Step 2: Apply in extractor tests

In tests/test_keboola_extractor.py, add to test_creates_extract_duckdb:

        from tests.helpers.contract import validate_extract_contract
        validate_extract_contract(str(Path(output_dir) / "extract.duckdb"))

Similarly in tests/test_bigquery_extractor.py::test_creates_extract_duckdb_with_meta.

Step 3: Run tests

Run: pytest tests/test_keboola_extractor.py tests/test_bigquery_extractor.py -v Expected: All pass

Step 4: Commit

git add tests/helpers/ tests/test_keboola_extractor.py tests/test_bigquery_extractor.py
git commit -m "feat: add extract.duckdb contract validator, apply in all extractor tests"

Task 5.3: Add pytest timeout and strict markers

Prevent CI hangs and catch marker typos.

Files:

Modify: pytest.ini
Modify: requirements.txt (add pytest-timeout)
Step 1: Update pytest.ini

[pytest]
addopts = -m "not live and not docker" --timeout=60 --strict-markers
markers =
    live: tests requiring server access (run with '-m live')
    docker: tests requiring Docker (run with '-m docker')

Step 2: Add pytest-timeout to requirements.txt

Add line: pytest-timeout>=2.0.0

Step 3: Install and run

Run: uv pip install --system pytest-timeout && pytest tests/ -q --tb=short Expected: All pass within 60s timeout

Step 4: Commit

git add pytest.ini requirements.txt
git commit -m "chore: add pytest-timeout (60s) and strict-markers to pytest config"

Workstream 6: Docs & Cleanup (P1-P2)

Task 6.1: Rewrite README.md from CLAUDE.md

The current README describes the old Flask/rsync architecture. CLAUDE.md is accurate.

Files:

Modify: README.md
Step 1: Rewrite README.md

Use CLAUDE.md as the source of truth.
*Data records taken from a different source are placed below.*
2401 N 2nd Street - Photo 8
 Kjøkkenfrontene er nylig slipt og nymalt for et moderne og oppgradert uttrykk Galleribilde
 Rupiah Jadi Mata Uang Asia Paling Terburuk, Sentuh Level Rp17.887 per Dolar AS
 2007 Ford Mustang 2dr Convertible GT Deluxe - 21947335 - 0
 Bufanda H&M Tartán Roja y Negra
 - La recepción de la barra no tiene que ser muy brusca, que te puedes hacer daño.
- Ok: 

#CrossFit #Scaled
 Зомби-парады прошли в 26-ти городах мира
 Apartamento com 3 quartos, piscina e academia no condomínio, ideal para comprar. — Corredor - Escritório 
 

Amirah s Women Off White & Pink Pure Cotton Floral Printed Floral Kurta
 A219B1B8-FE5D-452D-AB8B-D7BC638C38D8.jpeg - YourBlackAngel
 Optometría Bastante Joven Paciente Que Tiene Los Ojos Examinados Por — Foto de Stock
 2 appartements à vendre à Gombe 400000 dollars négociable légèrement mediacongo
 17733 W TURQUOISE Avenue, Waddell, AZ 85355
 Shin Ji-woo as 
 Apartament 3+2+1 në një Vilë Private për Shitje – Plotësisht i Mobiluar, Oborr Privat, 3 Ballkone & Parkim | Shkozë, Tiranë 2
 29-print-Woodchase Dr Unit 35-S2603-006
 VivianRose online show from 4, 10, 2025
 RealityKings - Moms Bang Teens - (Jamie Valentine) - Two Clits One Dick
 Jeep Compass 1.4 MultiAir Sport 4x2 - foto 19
The README should contain:

Project description (1-2 paragraphs)
Architecture diagram (from CLAUDE.md)
Quick start (Docker compose)
Development setup (venv, pytest)
Project structure (from CLAUDE.md)
Configuration overview
Supported data sources (Keboola ✅, BigQuery ✅, Jira ✅)
Links to docs/DEPLOYMENT.md for server setup
License

Remove all references to Flask, rsync, SSH, sync_data.sh, Linux groups, server/setup.sh.

Step 2: Verify no broken references

Run: grep -r "webapp/" README.md; grep -r "sync_data.sh" README.md; grep -r "server/setup" README.md Expected: No matches

Step 3: Commit

git add README.md
git commit -m "docs: rewrite README for v2 architecture (FastAPI, DuckDB, Docker)"

Task 6.2: Update .env.template to match actual code

Template references WEBAPP_SECRET_KEY but code uses JWT_SECRET_KEY.

Files:

Modify: config/.env.template
Step 1: Rewrite template

# AI Data Analyst - Environment Variables
# Copy to .env: cp config/.env.template .env
# .env is gitignored - NEVER commit it.

# Required
JWT_SECRET_KEY=           # python -c "import secrets; print(secrets.token_hex(32))"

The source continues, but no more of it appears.